Car personne qui prenne au sérieux l’annonce du directeur général de l’ULCC qu’il ouvre une enquête concernant les ‘allégations’ soulevées dans la presse canadienne contre un sénateur toujours en fonction …
Car cela remettrait en question un système qui a été mis en place par ses propres patrons. Cela reviendrait à couper la branche sur laquelle on est assis.
Car si l’affaire Rony Célestin ne fait pas encore plus scandale en Haïti même, c’est parce que tous savent qu’il existe un réseau de transferts de dizaines voire centaines de millions à marches forcées d’Haïti vers l’extérieur, et que le dit réseau n’avait jamais autant fonctionné qu’en ce moment même où nous vous parlons.
Que peut-on faire ?
Allez savoir.
On dit qu’il s’en évade probablement autant vers notre voisine territoriale la République dominicaine (dont le nouveau président s’amuse à nous faire périodiquement la leçon …).
Après déjà le scandale des millions du fonds Petocaribe, de l’aide vénézuélienne à notre pays, disparus aux mains d’un certain sénateur de l’ex-parti au pouvoir à Santo-Domingo.
Mais pas un mot de lui dans le programme de lutte contre la corruption entreprise par le président Luis Abinader.

Hypocrisie des ‘pays amis’ ?
Mais le Canada ?
Le Canada du Premier ministre Justin Trudeau qui se plait à se présenter comme l’un des chefs d’Etat les plus libéraux et même progressistes de notre continent ?
Hypocrisie des ‘pays amis’ ?
Mais comme dit le créole : ‘enbesil ki bay, sòt ki pa pran.’
Y aura-t-il moyen après la disparition de l’actuel régime de Port-au-Prince de récupérer une partie de la fortune nationale d’Haïti dilapidée ainsi aux quatre coins du monde capitaliste ?
Des conventions internationales existent à ce sujet.
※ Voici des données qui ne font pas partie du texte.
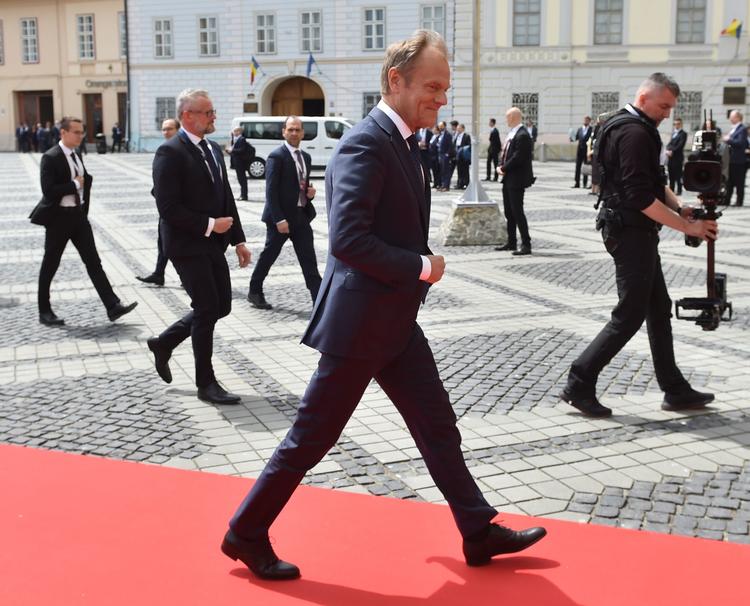 
 Blot to dage efter valget til Europa-Parlamentet mødes EU's stats- og regeringschefer 28. maj til en middag i Bruxelles for at diskutere kandidater til flere snart ledige topposter i EU.
Det bekræfter EU-præsident Donald Tusk på et pressemøde efter et topmøde i den rumænske by Sibiu(Photo by Daniel MIHAILESCU / AFP)
   Foto: Daniel Mihailescu/Ritzau Scanpix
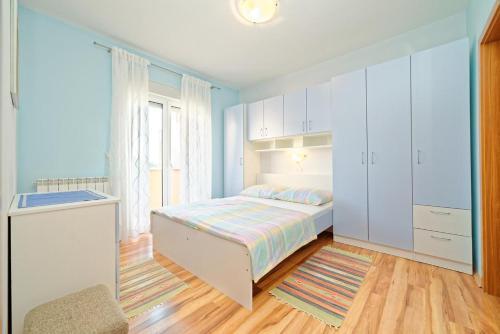 Apartments With A Parking Space Palit, Rab - 4970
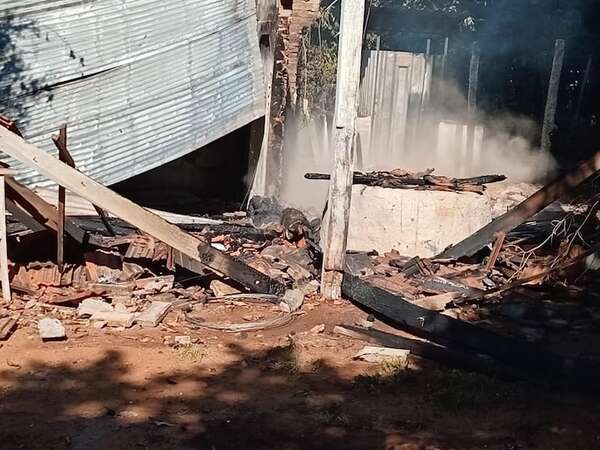 Cortocircuito causó incendio en una vivienda en el distrito de San Ignacio, Misiones - Nacionales - ABC Color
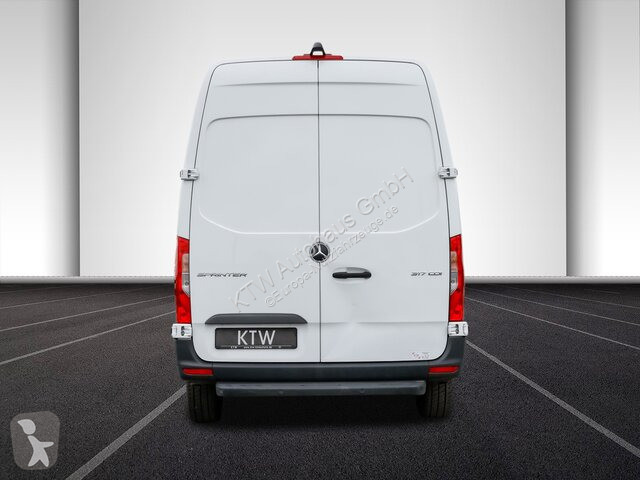 Užitkové vozidlo Mercedes 317...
Cela nous ramène à la ‘fortune des Duvalier’ en Suisse. Dossier classé sans suite, ‘epi epi anyen’, puis plus rien.
Pourra-t-on récupérer les fonds qui au moins auront été localisés ; il faut remercier le journal québécois La Presse et espérer que nos confrères de partout (Etats-Unis, France, Union européenne, Amérique latine et pourquoi pas aussi chez notre voisine la République dominicaine …) sauront continuer dans la même voie, celle de nous aider à repérer l’usage qui a été fait des maigres ressources d’un pays aussi malheureux aujourd’hui, le plus pauvre de l’hémisphère occidental …
Mais faut-il d’abord qu’Haïti sache se préparer en conséquence ?
C’est-à-dire techniquement.
Oui.
Mais d’abord moralement.
Personne qui n’ait remarqué cette sortie par un proche collaborateur de l’actuel locataire du palais national vis-à-vis de l’international : ‘Nous ne permettrons pas qu’on se mêle des affaires internes de notre pays. Haïti est un pays indépendant.’
Ou en créole : ‘etranje pa mele’.
Autrement dit, c’est un signe avant-coureur.